Print version ISSN 1415-4757On-line version ISSN 1678-4685

Genet. Mol. Biol. vol.22 n.3 São Paulo Sept. 1999 

Genetic parameters of test day milk yields of Holstein cows


S.G. Machado, M.A.R. Freitas and C.H. Gadini

Estação Experimental de Zootecnia de Ribeirão Preto IZ/CPA/SAA-SP, Av. Bandeirantes, 2419, 14030-670 Ribeirão Preto, SP, Brasil. Send correspondence to M.A.R.F.




Data were obtained from 17,968 records from 2,130 first lactations of Holstein cows calving between 1988 and 1991. The subjects were daughters of 136 sires monitored by Brazilian Breeders Association, Animal Science Institute, Department of Agriculture, a branch of the State of São Paulo. Data were divided into 10 subsets based on the number of days in milk yield. Test day milk yields (M1 to M10) and 305-day milk yield (M305) were the traits studied. These traits were adjusted for several environmental effects: class of cow age at calving, interval from calving to first test day, and herd-year-season. Restricted maximum likelihood estimates of (co)variance components were obtained from one and two-traits analysis under a sire model. Estimates of heritabilities for M ranged from 0.04 to 0.32. The highest values were found in the second half of lactation (M5 to M7). Heritability estimate for M305 was 0.32. Genetic correlations between individual test days and M305 ranged from 0.78 to 1.00. Results suggested that test day milk yields, mainly in mid-lactation, can be used instead of 305-day milk yield in genetic evaluations, because estimates of these two-trait heritabilities are nearly alike. Moreover, early selection can reduce generation intervals.




In general, standardized 305-day (d) milk yield (M305) has been used in genetic evaluation of dairy sires. Heifers that did not complete first lactation or had lactation periods shorter than 305 days have had their lactations extended and then used in the prediction of genetic merit.

However, prediction of uncompleted lactations may be biased. The major cause of bias in sire evaluations seems to be related to culling of heifers before completion of their first lactation, instead of non-random matings (Fimland, 1983).

To avoid extending lactations to 305-day, individual test day milk yields can be used in genetic evaluation of dairy sires and cows. Models that include test day milk yields in statistical analysis provide an alternative to selection on 305-day milk yield (Swalve, 1995b). In these models, any information on production can be utilized, and the models become more flexible. Cows can be included in the evaluations if they have at least one test day yield, and sires can be evaluated more accurately based on a larger amount of data available from their daughters instead of only one lactation record per daughter (Ptak and Schaeffer, 1993). The increase in accuracy is due mainly to a better adjustment of test day yields.

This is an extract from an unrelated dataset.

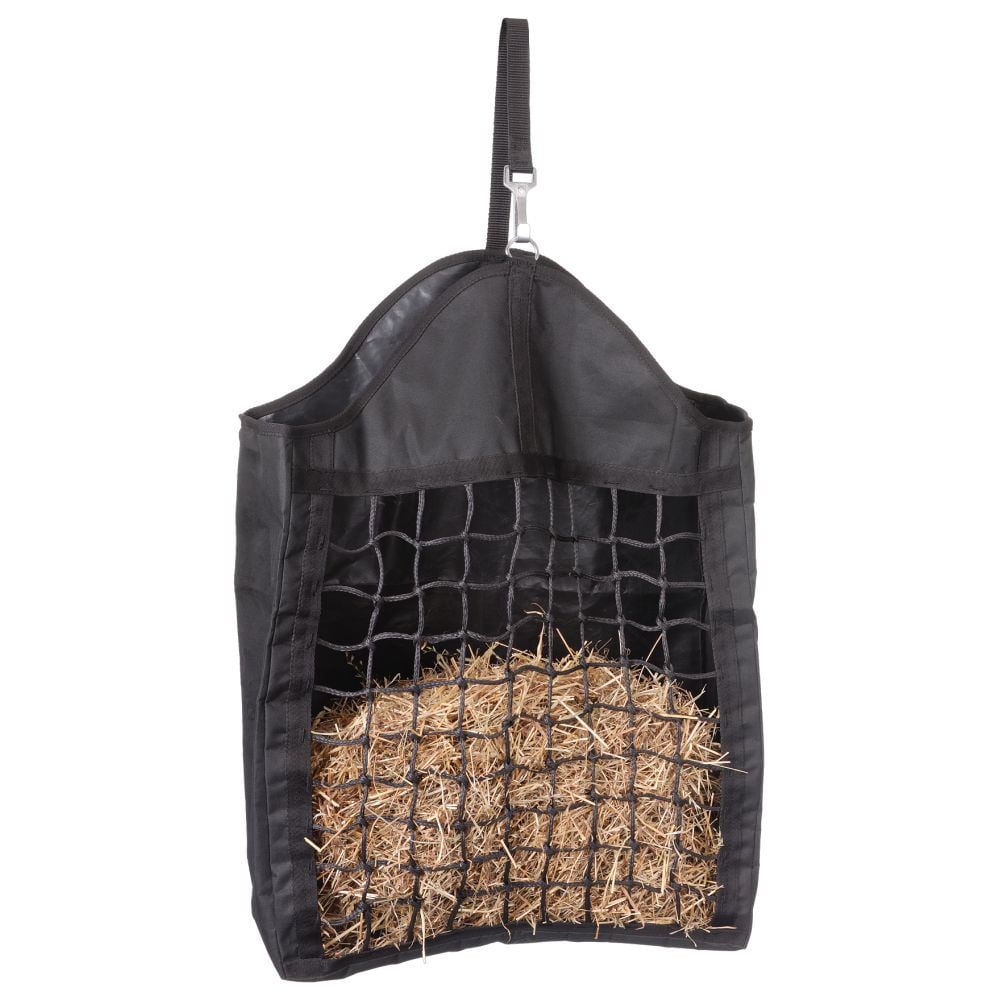 Tough1 Nylon Hay Bag w/ Slow Feed Net Black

In Brazil, several studies have been done on aspects of the lactation curve, including studies to model lactation curves (Madalena, et al. 1979; Queiroz, et al. 1991; Durães, et al. 1991; Freitas, et al. 1992; Mcmanus, et al. 1997). There is no report on test day milk yield in specialized dairy breeds, probably due to the difficulty of storing enough information about a large number of animals. Test day records usually are discarded after M305 is calculated. Increases in computer storage capacity would allow this kind of information to be used either in lactation curve studies or directly in genetic evaluations.

Genetic parameters for test day yields have been estimated by several authors (Van Vleck and Henderson, 1961; Keown and Van Vleck, 1971; Auran, 1976; Danell, 1982, Swalve, 1995b, Gadini, 1997). According to these authors, selection based on some test day records is as efficient as on all. This may reduce the number of tests in routine milk recording.

The present study aims to estimate components of variance and covariance for test day milk yields in first lactation of Holstein cows by the use of a multiple trait derivative-free restricted maximum likelihood procedure, evaluating the possibility of utilizing these test day records as a selection criterion.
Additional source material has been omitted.